Complicating matters further is that the Lebanese military is the world’s fifth largest recipient of U.S. military aid. The U.S. has traditionally been supportive of the Lebanese government and the Sunni controlled March 14 alliance. However, in light of the Iranian nuclear deal and the ongoing civil war in Syria, both Iran and Hezbollah have been using this opportunity to increasingly consolidate power in Lebanon.

According to Badran, the Syrian civil war provided an opening for Obama to break up Iran’s network in the Levant, which would deal Hezbollah a severe blow in Lebanon.
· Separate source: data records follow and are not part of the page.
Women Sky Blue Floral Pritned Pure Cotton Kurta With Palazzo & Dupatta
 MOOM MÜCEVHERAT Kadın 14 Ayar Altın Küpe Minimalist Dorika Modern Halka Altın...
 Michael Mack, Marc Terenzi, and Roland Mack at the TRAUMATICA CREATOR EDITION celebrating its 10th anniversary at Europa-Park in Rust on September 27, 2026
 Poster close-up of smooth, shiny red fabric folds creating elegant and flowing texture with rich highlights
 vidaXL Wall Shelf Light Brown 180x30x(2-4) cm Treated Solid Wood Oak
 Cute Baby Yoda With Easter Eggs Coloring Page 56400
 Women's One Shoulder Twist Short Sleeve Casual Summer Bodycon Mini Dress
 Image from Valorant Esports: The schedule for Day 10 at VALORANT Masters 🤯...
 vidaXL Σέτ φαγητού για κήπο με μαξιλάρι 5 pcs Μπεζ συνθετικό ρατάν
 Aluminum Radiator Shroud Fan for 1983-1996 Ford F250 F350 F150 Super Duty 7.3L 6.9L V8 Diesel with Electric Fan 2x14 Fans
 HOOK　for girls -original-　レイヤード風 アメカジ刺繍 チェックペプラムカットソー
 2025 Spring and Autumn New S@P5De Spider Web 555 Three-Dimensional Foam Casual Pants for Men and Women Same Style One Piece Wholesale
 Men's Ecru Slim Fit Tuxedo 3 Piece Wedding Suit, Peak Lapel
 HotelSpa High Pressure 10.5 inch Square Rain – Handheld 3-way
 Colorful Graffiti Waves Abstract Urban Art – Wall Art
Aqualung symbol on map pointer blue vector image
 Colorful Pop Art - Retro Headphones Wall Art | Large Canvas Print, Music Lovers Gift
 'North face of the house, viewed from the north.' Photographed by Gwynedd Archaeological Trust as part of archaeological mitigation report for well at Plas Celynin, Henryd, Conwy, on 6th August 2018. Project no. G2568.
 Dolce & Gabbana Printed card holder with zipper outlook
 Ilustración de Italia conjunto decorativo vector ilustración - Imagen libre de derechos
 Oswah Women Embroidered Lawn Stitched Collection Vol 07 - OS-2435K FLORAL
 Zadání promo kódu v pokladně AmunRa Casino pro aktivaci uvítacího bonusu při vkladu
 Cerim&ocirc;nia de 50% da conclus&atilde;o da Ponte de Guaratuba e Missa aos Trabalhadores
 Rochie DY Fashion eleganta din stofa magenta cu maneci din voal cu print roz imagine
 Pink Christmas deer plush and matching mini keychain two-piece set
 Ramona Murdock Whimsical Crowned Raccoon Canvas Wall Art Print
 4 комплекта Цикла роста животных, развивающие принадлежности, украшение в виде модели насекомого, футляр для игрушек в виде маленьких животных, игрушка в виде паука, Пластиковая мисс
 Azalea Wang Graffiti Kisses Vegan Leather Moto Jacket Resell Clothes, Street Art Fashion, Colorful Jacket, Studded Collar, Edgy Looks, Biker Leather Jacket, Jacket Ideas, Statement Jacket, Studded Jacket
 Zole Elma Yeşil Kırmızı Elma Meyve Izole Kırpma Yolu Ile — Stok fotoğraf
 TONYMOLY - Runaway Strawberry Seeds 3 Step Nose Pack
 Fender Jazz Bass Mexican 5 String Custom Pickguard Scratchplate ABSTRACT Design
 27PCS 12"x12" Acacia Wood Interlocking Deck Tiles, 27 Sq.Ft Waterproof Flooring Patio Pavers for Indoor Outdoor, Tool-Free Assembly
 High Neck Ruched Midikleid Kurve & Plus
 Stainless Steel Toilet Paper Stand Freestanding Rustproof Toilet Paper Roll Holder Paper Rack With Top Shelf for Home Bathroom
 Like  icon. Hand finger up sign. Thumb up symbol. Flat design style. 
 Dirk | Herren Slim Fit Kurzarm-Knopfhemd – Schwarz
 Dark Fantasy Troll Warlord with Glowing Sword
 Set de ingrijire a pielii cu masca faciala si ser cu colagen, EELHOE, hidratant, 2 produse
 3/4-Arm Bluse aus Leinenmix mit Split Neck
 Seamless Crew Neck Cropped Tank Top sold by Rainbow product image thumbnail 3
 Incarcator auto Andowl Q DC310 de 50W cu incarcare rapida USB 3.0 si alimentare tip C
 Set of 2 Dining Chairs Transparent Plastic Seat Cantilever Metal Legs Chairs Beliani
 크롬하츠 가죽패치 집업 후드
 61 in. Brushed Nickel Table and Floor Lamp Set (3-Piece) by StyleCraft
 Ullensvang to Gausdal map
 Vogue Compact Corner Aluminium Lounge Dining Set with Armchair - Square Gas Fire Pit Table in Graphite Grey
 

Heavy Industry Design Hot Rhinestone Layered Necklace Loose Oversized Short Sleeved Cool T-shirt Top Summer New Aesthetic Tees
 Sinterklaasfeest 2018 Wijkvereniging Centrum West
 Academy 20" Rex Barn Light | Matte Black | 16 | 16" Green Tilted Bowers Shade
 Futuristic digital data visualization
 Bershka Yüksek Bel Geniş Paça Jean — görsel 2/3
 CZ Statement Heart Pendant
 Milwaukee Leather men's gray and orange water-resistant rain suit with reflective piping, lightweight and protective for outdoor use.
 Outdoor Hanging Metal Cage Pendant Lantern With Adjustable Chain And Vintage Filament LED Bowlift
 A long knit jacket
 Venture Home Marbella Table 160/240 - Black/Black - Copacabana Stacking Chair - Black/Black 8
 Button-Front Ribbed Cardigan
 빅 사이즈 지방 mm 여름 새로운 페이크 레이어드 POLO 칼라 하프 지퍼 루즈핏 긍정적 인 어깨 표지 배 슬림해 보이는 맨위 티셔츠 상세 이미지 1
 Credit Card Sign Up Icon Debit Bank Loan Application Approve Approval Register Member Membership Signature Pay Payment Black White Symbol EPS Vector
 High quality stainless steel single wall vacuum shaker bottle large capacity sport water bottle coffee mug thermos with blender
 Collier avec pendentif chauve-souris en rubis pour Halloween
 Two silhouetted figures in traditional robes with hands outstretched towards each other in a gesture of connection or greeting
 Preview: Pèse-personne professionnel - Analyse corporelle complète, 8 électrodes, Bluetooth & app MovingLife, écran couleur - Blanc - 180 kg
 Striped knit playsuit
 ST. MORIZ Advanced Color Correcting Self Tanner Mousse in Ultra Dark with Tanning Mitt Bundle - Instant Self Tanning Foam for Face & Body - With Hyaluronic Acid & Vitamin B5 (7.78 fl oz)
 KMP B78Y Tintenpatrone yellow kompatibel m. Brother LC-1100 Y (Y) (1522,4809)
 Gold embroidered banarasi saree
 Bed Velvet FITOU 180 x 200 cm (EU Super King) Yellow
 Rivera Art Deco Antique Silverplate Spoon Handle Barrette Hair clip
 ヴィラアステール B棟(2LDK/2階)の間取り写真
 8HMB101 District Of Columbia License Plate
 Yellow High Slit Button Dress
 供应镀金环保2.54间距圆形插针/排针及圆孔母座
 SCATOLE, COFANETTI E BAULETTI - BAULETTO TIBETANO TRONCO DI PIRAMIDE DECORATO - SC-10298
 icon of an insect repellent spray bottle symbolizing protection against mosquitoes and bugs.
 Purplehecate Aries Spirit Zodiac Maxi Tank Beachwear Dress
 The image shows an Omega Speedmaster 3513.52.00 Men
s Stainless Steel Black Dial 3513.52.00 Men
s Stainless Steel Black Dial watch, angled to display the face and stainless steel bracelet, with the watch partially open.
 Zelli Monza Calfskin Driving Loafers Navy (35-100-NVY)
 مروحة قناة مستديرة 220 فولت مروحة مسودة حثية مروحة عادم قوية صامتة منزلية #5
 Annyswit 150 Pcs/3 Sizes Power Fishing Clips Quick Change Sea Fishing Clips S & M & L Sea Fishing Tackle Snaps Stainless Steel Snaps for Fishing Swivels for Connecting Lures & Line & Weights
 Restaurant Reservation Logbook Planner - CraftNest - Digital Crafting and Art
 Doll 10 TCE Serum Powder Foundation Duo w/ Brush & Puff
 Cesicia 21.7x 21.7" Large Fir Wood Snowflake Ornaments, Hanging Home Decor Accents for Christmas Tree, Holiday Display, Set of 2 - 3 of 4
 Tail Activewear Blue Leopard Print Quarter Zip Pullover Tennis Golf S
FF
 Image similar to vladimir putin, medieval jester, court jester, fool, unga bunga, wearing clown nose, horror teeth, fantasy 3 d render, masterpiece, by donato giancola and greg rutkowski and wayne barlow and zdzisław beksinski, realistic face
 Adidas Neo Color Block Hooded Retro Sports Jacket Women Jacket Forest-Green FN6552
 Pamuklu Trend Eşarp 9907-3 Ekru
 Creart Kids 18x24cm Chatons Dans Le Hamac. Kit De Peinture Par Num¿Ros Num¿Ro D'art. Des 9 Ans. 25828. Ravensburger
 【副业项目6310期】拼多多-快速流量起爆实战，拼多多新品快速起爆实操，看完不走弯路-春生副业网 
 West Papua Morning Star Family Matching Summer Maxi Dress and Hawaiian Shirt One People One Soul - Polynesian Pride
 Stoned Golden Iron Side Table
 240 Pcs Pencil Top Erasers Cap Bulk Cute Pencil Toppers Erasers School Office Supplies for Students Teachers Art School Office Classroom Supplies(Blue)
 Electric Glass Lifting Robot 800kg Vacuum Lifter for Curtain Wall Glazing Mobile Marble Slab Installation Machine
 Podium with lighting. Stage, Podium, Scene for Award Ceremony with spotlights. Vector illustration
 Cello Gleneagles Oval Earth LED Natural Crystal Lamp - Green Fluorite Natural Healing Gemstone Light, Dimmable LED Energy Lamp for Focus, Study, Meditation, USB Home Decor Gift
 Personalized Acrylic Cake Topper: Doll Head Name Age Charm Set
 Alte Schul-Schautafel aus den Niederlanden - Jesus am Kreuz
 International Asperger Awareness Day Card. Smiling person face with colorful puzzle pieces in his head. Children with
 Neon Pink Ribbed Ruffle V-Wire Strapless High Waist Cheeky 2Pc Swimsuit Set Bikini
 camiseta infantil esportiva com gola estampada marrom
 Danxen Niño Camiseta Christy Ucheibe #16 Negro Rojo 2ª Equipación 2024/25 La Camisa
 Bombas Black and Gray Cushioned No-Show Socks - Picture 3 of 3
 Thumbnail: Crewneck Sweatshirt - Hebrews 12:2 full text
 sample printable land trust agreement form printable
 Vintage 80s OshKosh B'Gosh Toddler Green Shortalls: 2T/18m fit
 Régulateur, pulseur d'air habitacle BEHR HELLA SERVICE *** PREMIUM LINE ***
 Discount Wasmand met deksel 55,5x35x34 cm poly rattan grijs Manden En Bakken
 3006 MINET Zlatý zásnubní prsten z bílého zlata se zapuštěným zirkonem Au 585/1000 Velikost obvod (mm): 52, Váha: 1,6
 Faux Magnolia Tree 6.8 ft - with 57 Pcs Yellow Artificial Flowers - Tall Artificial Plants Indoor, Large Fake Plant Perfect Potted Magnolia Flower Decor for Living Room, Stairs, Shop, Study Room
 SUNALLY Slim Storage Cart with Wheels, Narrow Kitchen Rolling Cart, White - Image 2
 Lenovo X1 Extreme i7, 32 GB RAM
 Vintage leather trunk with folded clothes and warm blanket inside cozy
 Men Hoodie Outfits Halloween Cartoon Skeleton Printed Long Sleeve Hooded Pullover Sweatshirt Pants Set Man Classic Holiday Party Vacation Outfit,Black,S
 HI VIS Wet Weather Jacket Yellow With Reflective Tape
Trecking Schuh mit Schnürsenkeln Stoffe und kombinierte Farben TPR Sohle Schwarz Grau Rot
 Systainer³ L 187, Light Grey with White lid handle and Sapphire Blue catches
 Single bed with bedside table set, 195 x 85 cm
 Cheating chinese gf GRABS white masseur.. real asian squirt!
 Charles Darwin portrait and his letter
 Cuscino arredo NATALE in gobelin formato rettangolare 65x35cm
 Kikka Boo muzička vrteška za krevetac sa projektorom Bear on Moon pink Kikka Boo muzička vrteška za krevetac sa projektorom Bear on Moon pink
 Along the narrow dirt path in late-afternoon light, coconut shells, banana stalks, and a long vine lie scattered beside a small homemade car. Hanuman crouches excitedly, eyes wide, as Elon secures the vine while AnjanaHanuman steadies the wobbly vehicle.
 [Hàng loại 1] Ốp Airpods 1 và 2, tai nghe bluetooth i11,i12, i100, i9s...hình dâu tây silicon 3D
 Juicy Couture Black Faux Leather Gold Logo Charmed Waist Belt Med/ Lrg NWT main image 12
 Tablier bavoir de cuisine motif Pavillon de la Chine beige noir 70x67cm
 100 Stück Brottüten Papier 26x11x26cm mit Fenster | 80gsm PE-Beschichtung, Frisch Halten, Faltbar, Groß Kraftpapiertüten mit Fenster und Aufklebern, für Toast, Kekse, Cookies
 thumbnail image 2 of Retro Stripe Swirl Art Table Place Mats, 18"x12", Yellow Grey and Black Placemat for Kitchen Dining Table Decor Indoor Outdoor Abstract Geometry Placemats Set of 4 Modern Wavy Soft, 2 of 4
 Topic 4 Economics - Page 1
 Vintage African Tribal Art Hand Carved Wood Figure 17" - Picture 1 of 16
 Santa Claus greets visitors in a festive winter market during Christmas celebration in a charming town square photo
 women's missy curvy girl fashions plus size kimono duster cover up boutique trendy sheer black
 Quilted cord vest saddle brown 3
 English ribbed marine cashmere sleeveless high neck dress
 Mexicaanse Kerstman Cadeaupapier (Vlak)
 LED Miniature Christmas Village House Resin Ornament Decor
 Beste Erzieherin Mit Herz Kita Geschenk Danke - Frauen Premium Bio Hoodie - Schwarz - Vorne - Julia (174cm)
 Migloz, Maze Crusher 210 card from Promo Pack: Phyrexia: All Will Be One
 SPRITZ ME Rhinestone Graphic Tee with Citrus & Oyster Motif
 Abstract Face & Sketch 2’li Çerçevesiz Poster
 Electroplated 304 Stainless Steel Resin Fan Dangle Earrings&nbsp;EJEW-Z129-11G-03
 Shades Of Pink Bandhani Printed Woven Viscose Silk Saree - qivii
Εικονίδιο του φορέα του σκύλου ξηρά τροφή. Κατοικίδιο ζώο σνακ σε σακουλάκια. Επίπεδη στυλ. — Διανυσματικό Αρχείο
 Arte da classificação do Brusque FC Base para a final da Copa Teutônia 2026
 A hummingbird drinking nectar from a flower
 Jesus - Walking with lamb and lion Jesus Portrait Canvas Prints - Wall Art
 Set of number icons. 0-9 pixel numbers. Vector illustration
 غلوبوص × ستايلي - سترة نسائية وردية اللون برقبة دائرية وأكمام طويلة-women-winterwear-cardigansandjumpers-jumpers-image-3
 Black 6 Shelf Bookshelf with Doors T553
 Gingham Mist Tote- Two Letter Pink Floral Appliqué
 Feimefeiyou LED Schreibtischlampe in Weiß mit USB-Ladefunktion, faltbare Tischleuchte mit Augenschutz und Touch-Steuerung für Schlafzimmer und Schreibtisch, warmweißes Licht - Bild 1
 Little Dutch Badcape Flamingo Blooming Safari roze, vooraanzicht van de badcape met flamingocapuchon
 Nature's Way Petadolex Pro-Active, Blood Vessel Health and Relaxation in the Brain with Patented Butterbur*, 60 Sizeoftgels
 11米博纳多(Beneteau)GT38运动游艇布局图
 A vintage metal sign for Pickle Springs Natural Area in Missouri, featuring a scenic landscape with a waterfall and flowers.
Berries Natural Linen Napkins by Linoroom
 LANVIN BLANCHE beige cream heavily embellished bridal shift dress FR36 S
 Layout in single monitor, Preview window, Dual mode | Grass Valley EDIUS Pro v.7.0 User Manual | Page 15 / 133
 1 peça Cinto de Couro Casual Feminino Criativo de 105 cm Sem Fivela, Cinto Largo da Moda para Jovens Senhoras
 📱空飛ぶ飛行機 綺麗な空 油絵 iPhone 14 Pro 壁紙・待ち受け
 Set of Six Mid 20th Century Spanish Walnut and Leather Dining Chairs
“Instead, Obama announced that any solution must protect Iran’s ‘equities.’ He pursued a policy of supporting the Lebanese Armed Forces as they cooperated with Hezbollah as the latter pursued its war in Syria,” Badran said.

What does this mean for Israel?

During the 2006 Second Lebanon War between Israel and Hezbollah, Israel had blamed the Lebanese government for Hezbollah’s actions. However, with Hezbollah increasing its political control over Lebanon, including in its military and security services, the line between Hezbollah and the government is further blurred.

“The Israeli position is further vindicated,” Badran said. “Now because every corner of the official state of Lebanon is openly aligned with Hezbollah.”

If a third Lebanon war erupts between Israel and Hezbollah, Israel may not only attack Hezbollah’s assets, but also that of the Lebanese government and military.

“In the case of a war, clearly the position that Israel had already staked out – treating Lebanon as a hostile enemy state – is going to be further vindicated,” he said.